Album Watch: Gotta Have Faith! George Michael Re-Releases His Solo Debut

Wednesday, February 2, 2011


I don't know about you, but I love me some George Michael. He can really do no wrong for me. I have a slim group of male singers that I particularity care for in abundance and I have to say that George is in that lofty club of favorite male voices that when they sing---I perpetually lend an ear.

Which is why I'm spending time talking about his 1987 solo effort, Faith, which was re-released this week in an extensive (and expensive) collector's box set to just remind everyone how utterly awesome it was and still is today. The set includes just about everything (except a vial of George Michael's blood---that was just too freaky), and the best part is that the album has been remastered. The album has been lengthened to two discs, including b-sides and extended remixes. There is also some literature in there (a 60-page booklet discussing the album ) and a DVD of music videos and interviews from that era...plus gobs of other collectible memorabilia. *music nerd fist pump* Pretty much a nice spread of things for the Faith/George Michael obsessed, as Stereogum details the full set here if you need more clarification what you're getting for your buck. And if you are visual person, this photo explains more than my words can describe. Yeah, it's a bit ostentatious, but it's an album that deserves this kind of treatment.

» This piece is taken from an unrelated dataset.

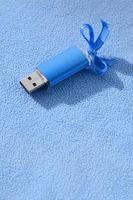 brillante blu USB veloce memoria carta con un' blu arco bugie su un' coperta di morbido e peloso leggero blu vello tessuto. classico femmina regalo design per un' memoria carta foto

If you've ever heard Faith, you know it's the "state of independence" album that George released after breaking away from Wham! and that it harbored an copious amount of chart toppers (7 out of 10 tracks were hits). It is quite the perfect merge of pop and R&B, with a bit of plastic funk, torchy jazz, and some rockabilly flair bubbling up, a variant style that really made George Michael bigger than those tight britches he was shaking his rump in. To me, Faith is just deliciously cohesive, and I love everything about it (especially "Father Figure" and "Kissing A Fool") right down to the last refrain. Even though future albums like 1990's Listen Without Prejudice, Vol. 1 and 1996's Older are just as carefully crafted and enjoyable, and Faith was an image George likened to shed like snake skin when the 90's came 'round, I still love popping it in from time to time to be engulfed in how effortless the delivery was.



This whole extensive set sort of brings back to mind what an album really means, especially in this fast food music world. Where not just two or three songs are hits, but where each track is tightly produced with even the filler shining (in Faith's case outshines, I actually liked "Hand To Mouth" better than the hit title track) and each hit having longevity long after they drop from the charts. It's an album to pop in and just consume and spend time with, not get out of the way. So getcha some Faith if you haven't already.